10.1182/asheducation-2005.1.462 ◽

2005 ◽

Vol 2005 (1) ◽

pp. 462-468 ◽

Cited By ~ 20

Author(s):

Thomas L. Ortel

Keyword(s):

Risk Factors ◽

Antiphospholipid Syndrome ◽

Antiphospholipid Antibodies ◽

Thromboembolic Event ◽

Randomized Clinical Trials ◽

Venous Thromboembolic Event ◽

Thromboembolic Events ◽

Additional Risk ◽

Initial Event ◽

Venous Thromboembolic

Abstract The antiphospholipid syndrome is an antibody-mediated hypercoagulable state characterized by recurrent venous and arterial thromboembolic events. Several studies have determined that the frequency of antiphospholipid syndrome in patients presenting with a venous thromboembolic event is between 4% and 14%. Because of the high risk for recurrent thromboembolism in these patients, current recommendations suggest a longer, potentially lifelong, course of antithrombotic therapy following an initial event. Although most authorities agree on an extended course of therapy, considerable controversy surrounds the optimal target therapeutic INR for patients with antiphospholipid syndrome. For an initial venous thromboembolic event, a target INR of 2.0 to 3.0 is supported by two prospective, randomized clinical trials.

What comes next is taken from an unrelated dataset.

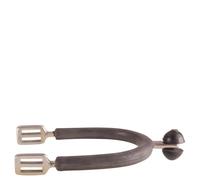 Éperon d'équitation Impuls inox.a rouleaux protecteurs caoutchou BR Equitation Marron 25 mm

In contrast, relatively limited data exist for an initial arterial thromboembolic event in patients who have the antiphospholipid syndrome, and therapeutic recommendations range from aspirin to warfarin with a high target INR. Recurrent thromboembolic events can be extremely difficult to treat, and some patients may benefit from the addition of immunosuppressive therapies. Importantly, as many as 50% of the initial thromboembolic events sustained by patients with antiphospholipid antibodies occur in the setting of additional, coincident prothrombotic risk factors, indicating the importance of addressing any additional risk factors, such as hypercholesterolemia, in these patients. Prospective studies are needed to address the role of thromboprophylactic strategies in asymptomatic individuals with antiphospholipid antibodies in the absence of additional risk factors.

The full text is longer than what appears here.